Using data from more than 5,000 households as part of the Understanding Society survey, Essex University doctoral student Hazel Pettifor discovered that 79 percent of opposite-sex couples recycle their trash in the U.K. The number drops to 69 percent among women living alone, while only 58 percent of single men recycle.
Recycling is also moving away from being a “green act” in the UK and is now seems to be just a part of housework, Pettifor said in a podcast describing her research. She also said that women are more like to recycle waste away from the kitchen, such as textiles, and are doing more than their fair share of recycling overall.

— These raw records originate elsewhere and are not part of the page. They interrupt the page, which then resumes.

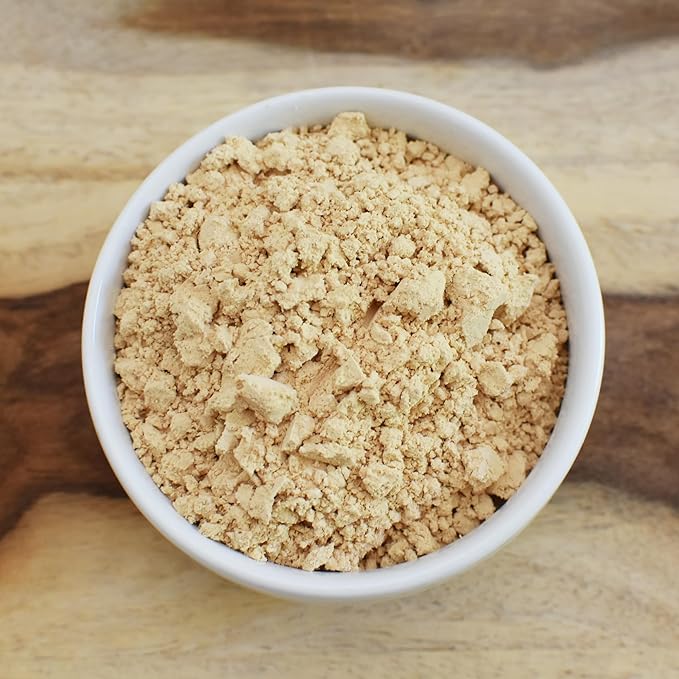 Anthony's Organic Peanut Flour Defatted 2 lb Light Roast 12% Fat Verified Gluten Free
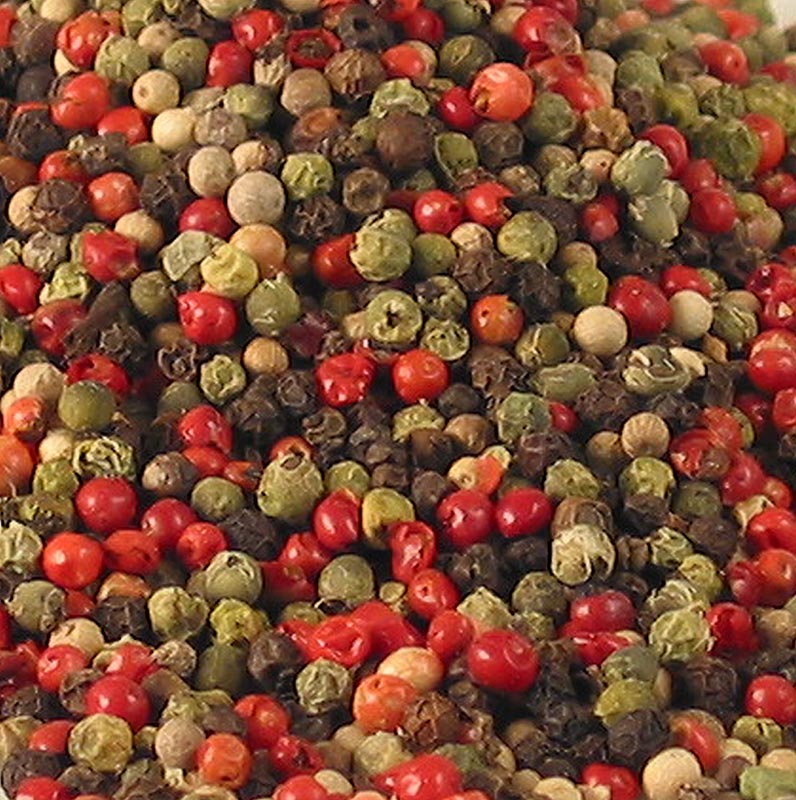Fargerik peppercocktail - 1 kg - bag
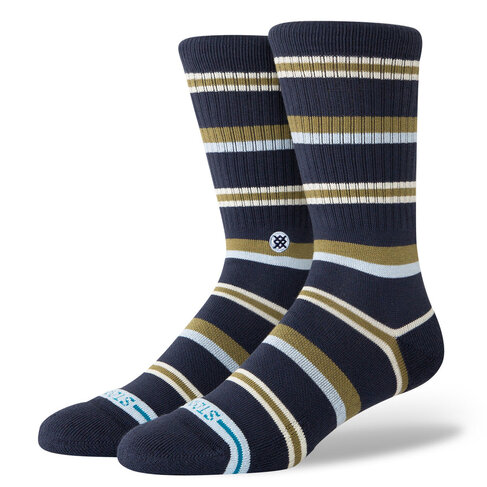 Stance Stance HUDSON CREW SOCKS NAVY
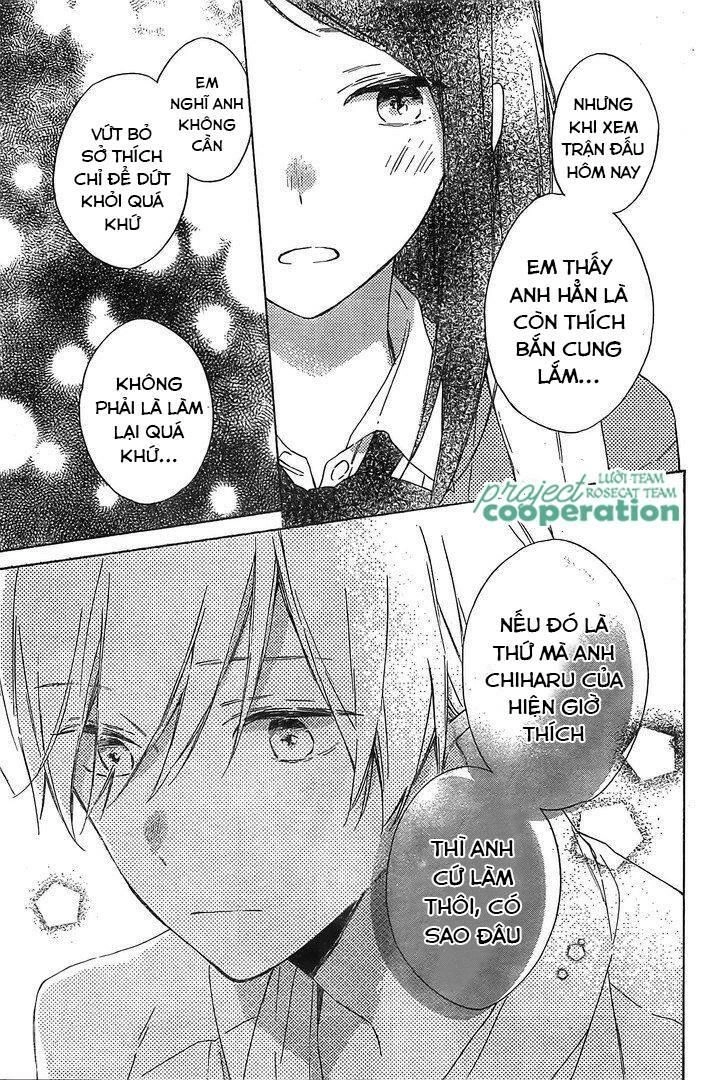 Kimi Wa Haru Ni Me Wo Samasu Chapter 6 - 27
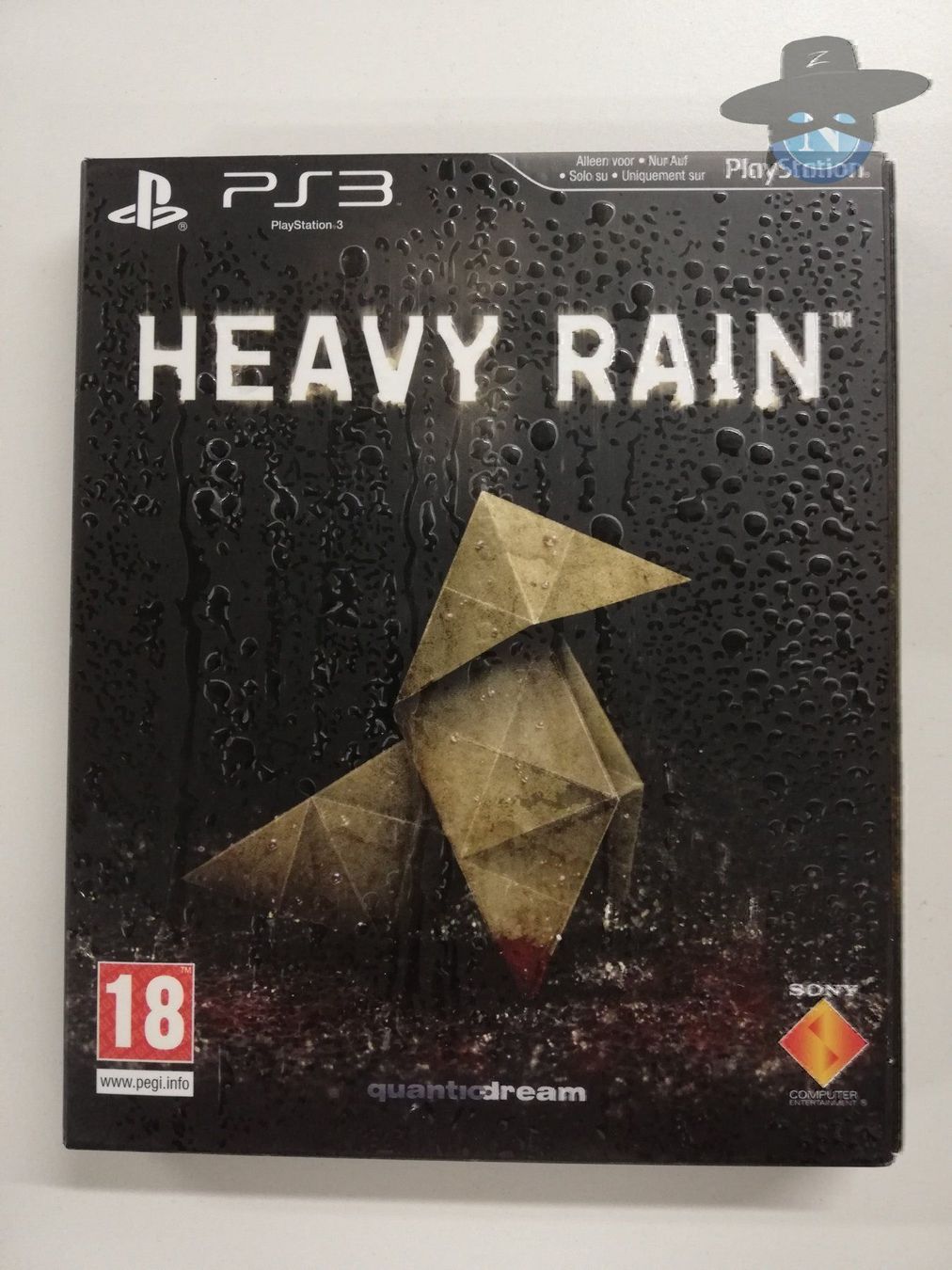 Sony Giochi: Heavy Rain / Sony PS3 / CardBox – Usato da St. Gallen venduto da zorro_dc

“In the same way that housework tasks are often split, with the woman of the house taking on the daily, routine activities, it is likely that women are emptying and rinsing out containers, removing lids and labels and sorting waste,” Pettifor told the Guardian, “while their menfolk make the fortnightly trip to the bottle bank or put the bins out.”
The governments in the U.K. want 50 percent of all waste recycled by 2020, the Guardian reported. As of now, recycling rates stand at 41.5 percent in England and Wales, 39.7 percent in Northern Ireland and 37.2 percent in Scotland.